そこで,米国連邦地理データ委員会(FGDC)の位置正確度策定基準に影響を与えたGreenwalt-Shultz(1968)による二次元正規分布の考察結果を用いて,指標の明示的な定義を以下のように与える.地理空間情報のサンプル(地図)の検証点における残差(測定された座標値と真とみなせる座標値との差)の水平成分値x , yを実現値にもつような確率変数を各々X, Yとおく.残差に系統的誤差や異常値が含まれないならば,残差は平面位置正確度を表現するとみなせる.X(Y)が母平均0,母分散sx^2(sy^2)を有する正規分布に従うと仮定し,確率密度関数をfx(fy)とおく.fxとfyを周辺密度関数にもつ二次元の確率密度関数をfとし,極座標変換を用いて検証点残差が半径Rの閉円盤に収まる確率P(R)を求めることができる.母分散sxとsyが等しい場合にはs^=sxで定義される指標s^はP(s^)=0.3935を満たす.母分散sxとsyが等しくない場合には,P(R)を第一種変形ベッセル関数の積分変換の形式に変形して,数値計算することにより,P(s)=0.3935を満たすsはs=0.5(sx+sy)と近似的に表現することができる.sxとsyに等しい場合のsはs^に一致する.そこで,このsをCircular Standard Error(以下「CSE」と略す)と呼び,地理空間情報の平面位置正確度の指標とする.sの推定値は検証点残差から得られる.
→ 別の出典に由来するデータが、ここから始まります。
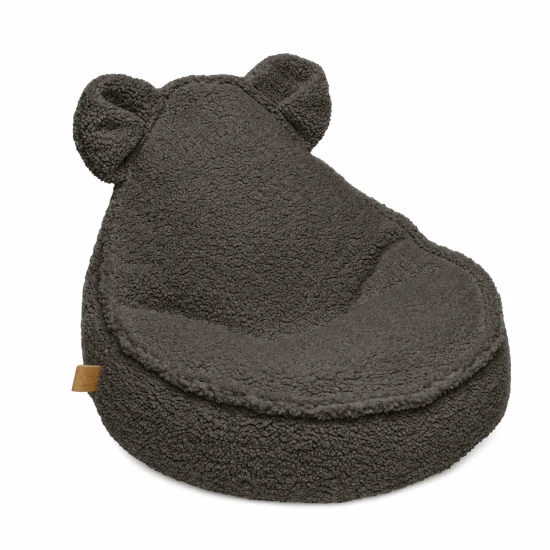 Sitzsack für Kinder Sako Bag Teddy Bearly – MeowBaby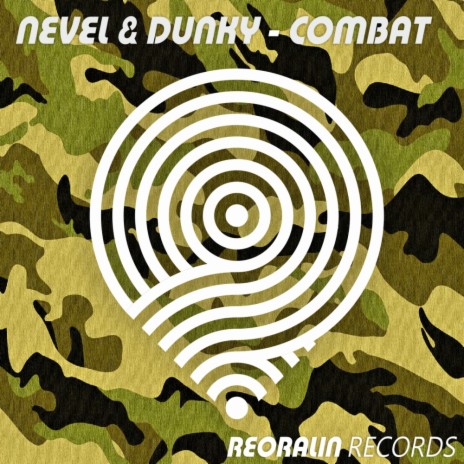 Combat (Original Mix) ft. Dunky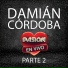 Damián Córdoba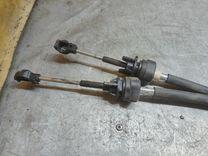 Трос кулисы КПП QZ9VLU Honda FR-V - Фото 4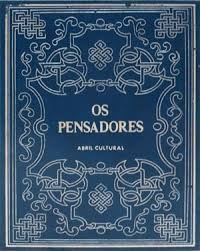 Os Pensadores - Bronislaw Malinowski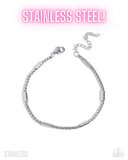 Timeless Tyrant • Stainless Steel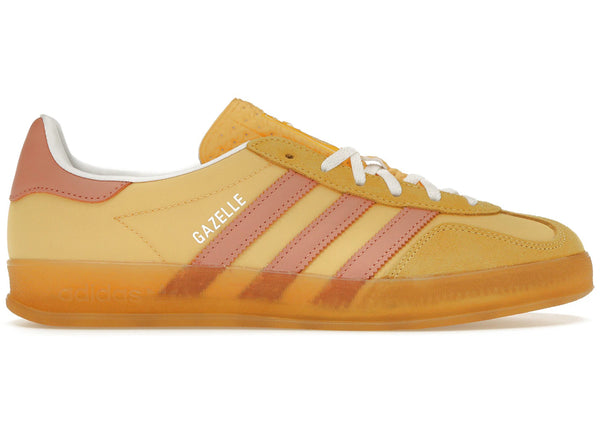 adidas Gazelle Indoor Semi Spark Clay (Women's) sneakers - authentic streetwear shoes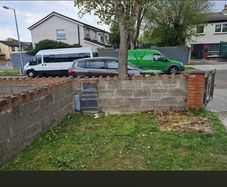 waste removal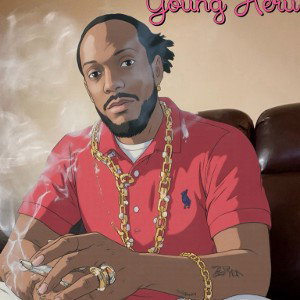Adrenaline Freestyle Young Heru
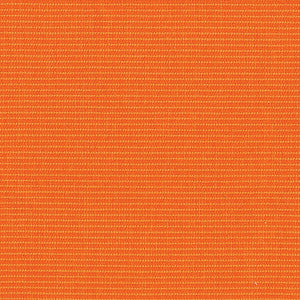 5406 Canvas Tangerine by Sunbrella Designer Fabric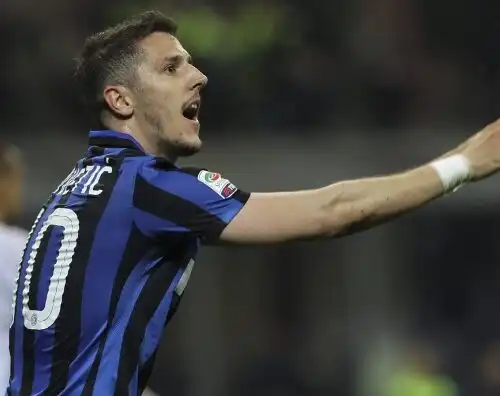 Jovetic, niente ritorno in viola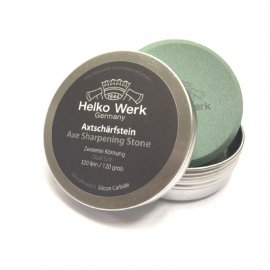 Keramik-Schleifstein Helko Werk Dual Grit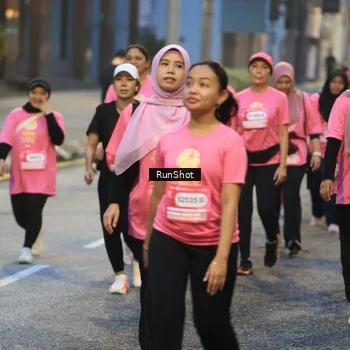 Runner Photo 8619275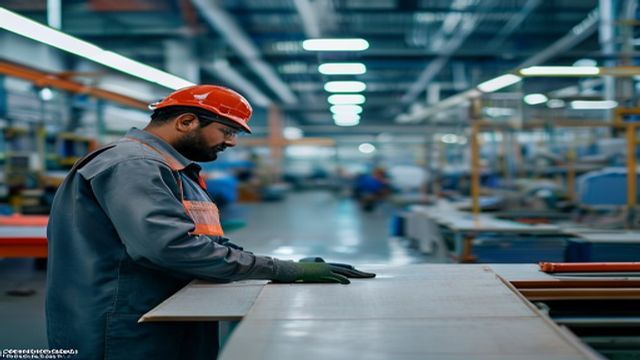 Factory Worker jobs in Coimbatore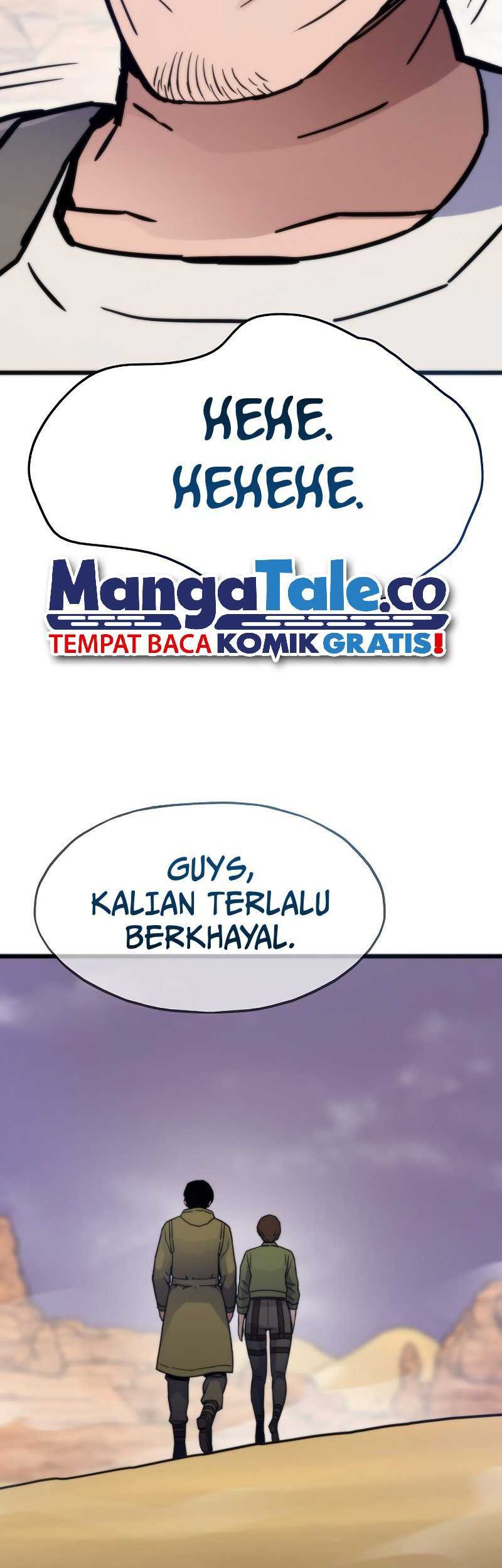 Past Life Regressor (Remake 2022) Bab 80 halaman 32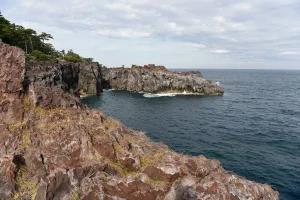 Jogasaki Coast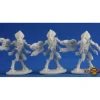 Miniature<Kulathi Right Handed (3): Chronoscope Bones RPR 80043 - Miniature Marvels: Airplane Models & Painted Dice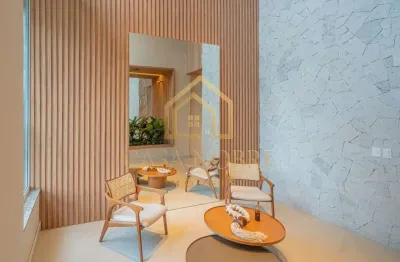 Cobertura com 2 quartos à venda na Avenida Carlos Barbosa, Predial, Torres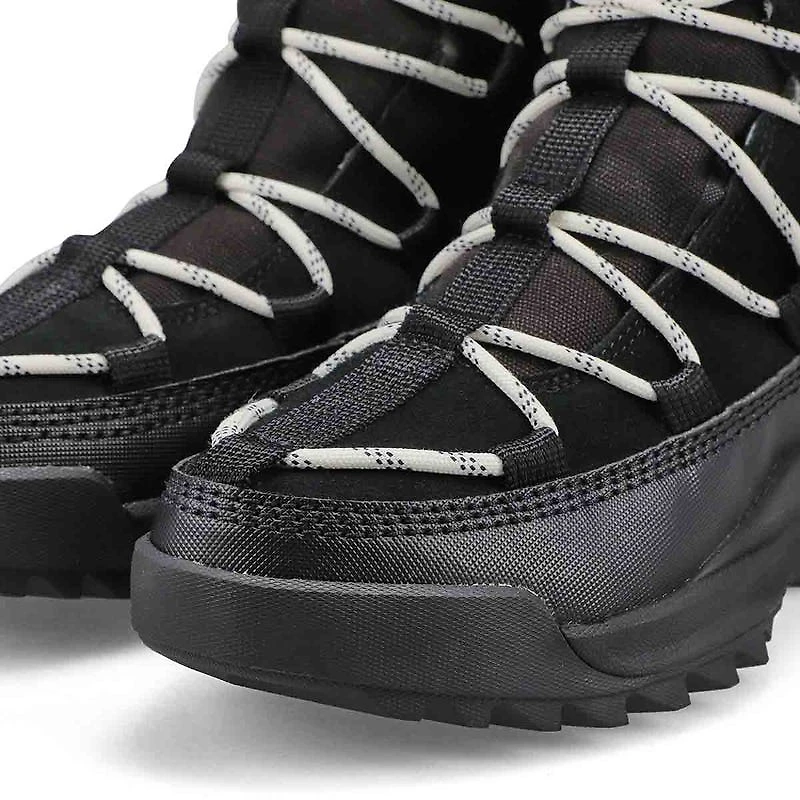 Women's ONA RMX Glacy Waterproof Boot - Black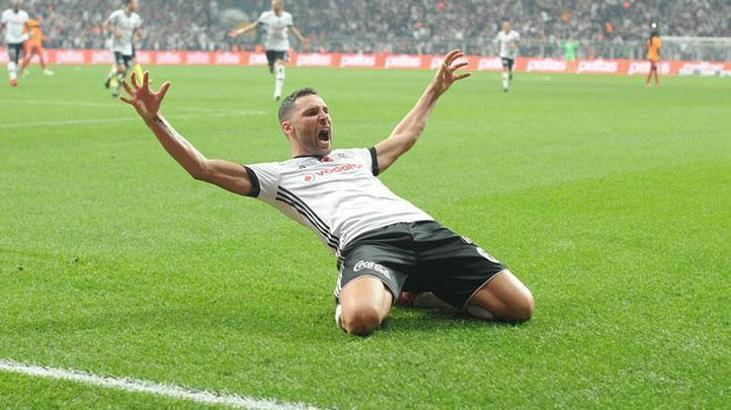 Trabzonspor'dan Dusko Tosic bombası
さらに,縮尺1/2500相当の数値地形図データのサンプル集合を対象として,CSEの平均値や実質的な制限値を大まかに見積もる調査を実施した.GNSS測量機を用いた現地測量から検証点における真とみなせる座標値を求め,バイアスは事前に(極力)除去している.その結果,CSE推定値の平均値は0.3~0.4m程度,上限値は概ね0.8mであるこという見積もりが得られた.この見積もりは,地理空間情報の平面位置正確度の指標としてCSEを採用するならば,指標制限値を国外の制限値並に厳しくする必要性を示唆している.